Tag: M.W=100-150

An article Functionalization of the Chalcone Scaffold for the Discovery of Novel Lead Compounds Targeting Fungal Infections WOS:000457137200158 published article about IN-VITRO; ANTIFUNGAL AGENTS; AMPHOTERICIN-B; SAPROCHAETE; MECHANISMS; PRODUCTS; EFFICACY in [Bonvicini, Francesca; Gentilomi, Giovanna A.] Alma Mater Studiorum Univ Bologna, Dept Pharm & Biotechnol, Via Massarenti 9, I-40138 Bologna, Italy; [Gentilomi, Giovanna A.] Alma Mater Studiorum Univ Bologna, S Orsola Malpighi Hosp, Unit Microbiol, Via Massarenti 9, I-40138 Bologna, Italy; [Bressan, Francesca; Gobbi, Silvia; Rampa, Angela; Bisi, Alessandra; Belluti, Federica] Alma Mater Studiorum Univ Bologna, Dept Pharm & Biotechnol, Via Belmeloro 6, I-40126 Bologna, Italy in 2019.0, Cited 30.0. Category: indole-building-block. The Name is 4′-Hydroxyacetophenone.
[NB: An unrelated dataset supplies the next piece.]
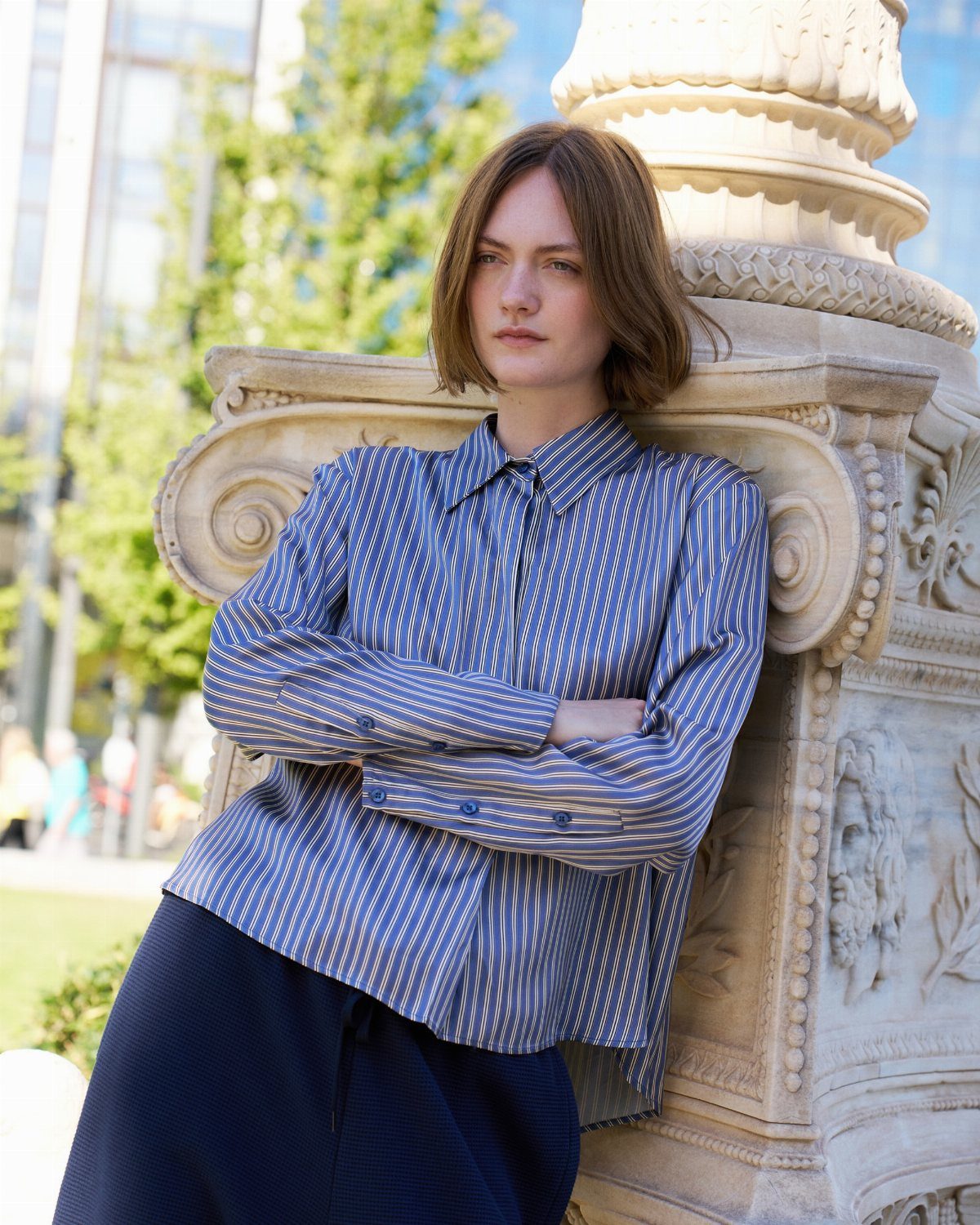 A woman wearing a blue and white striped button-down shirt leaning against a stone pillar.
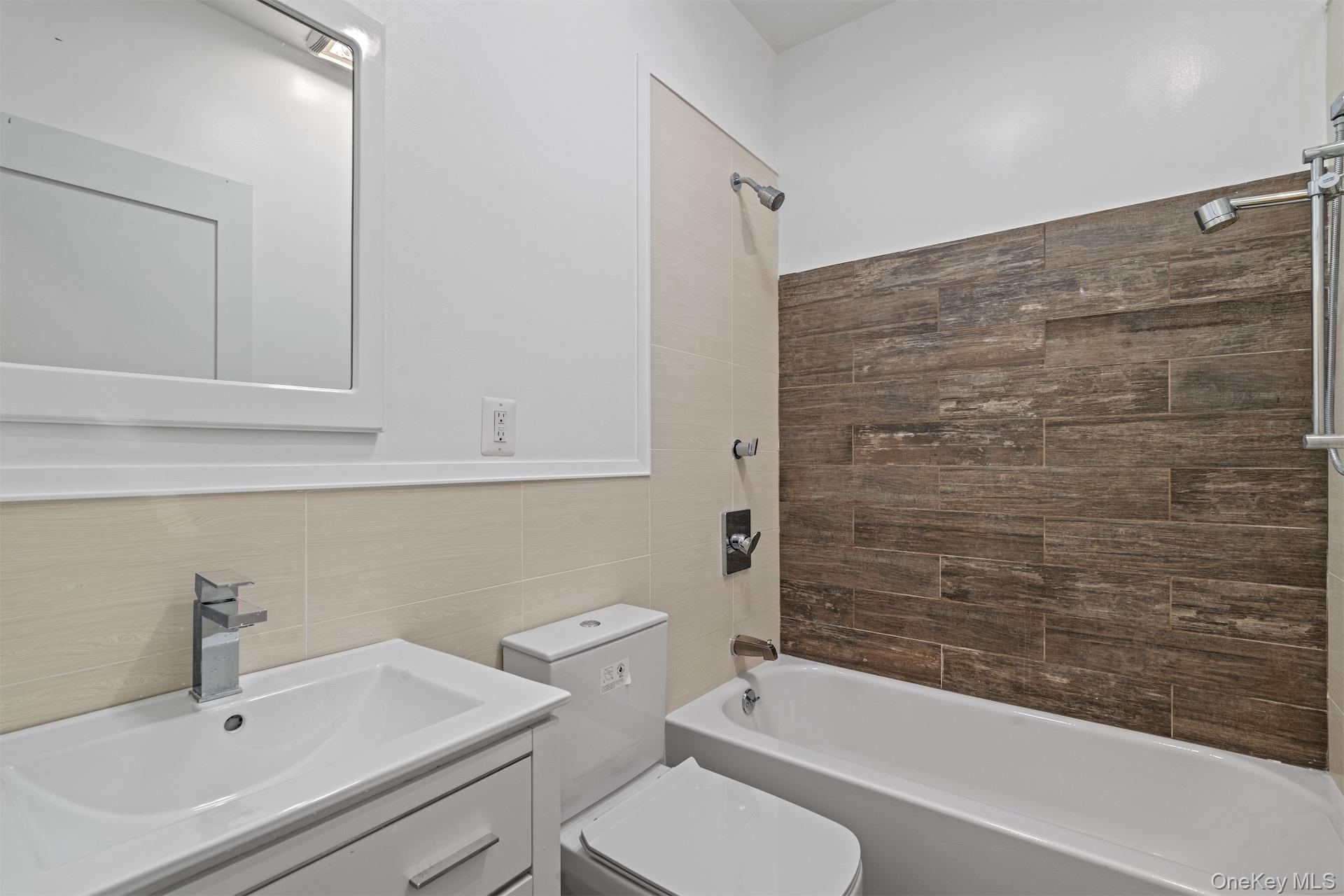 44-46 Decatur Street Brooklyn, NY 11216 - Photo 40 of 50 Full bath featuring shower / washtub combination, vanity, and tile walls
Through research, I have a further understanding and discovery of 99-93-4

The occurrence of invasive fungal infections represents a substantial threat to human health that is particularly serious in immunocompromised patients. The limited number of antifungal agents, devoid of unwanted toxic effects, has resulted in an increased demand for new drugs. Herein, the chalcone framework was functionalized to develop new antifungal agents able to interfere with cell growth and with the infection process. Thus, a small library of chalcone-based analogues was evaluated in vitro against C. albicans ATCC 10231 and a number of compounds strongly inhibited yeast growth at non-cytotoxic concentrations. Among these, 5 and 7 interfered with the expression of two key virulence factors in C. albicans pathogenesis, namely, hyphae and biofilm formation, while 28 emerged as a potent and broad spectrum antifungal agent, enabling the inhibition of the tested Candida spp. and non-Candida species. Indeed, these compounds combine two modes of action by selectively interfering with growth and, as an added value, weakening microbial virulence. Overall, these compounds could be regarded as promising antifungal candidates worthy of deeper investigation. They also provide a chemical platform through which to perform an optimization process, addressed at improving potency and correcting liabilities.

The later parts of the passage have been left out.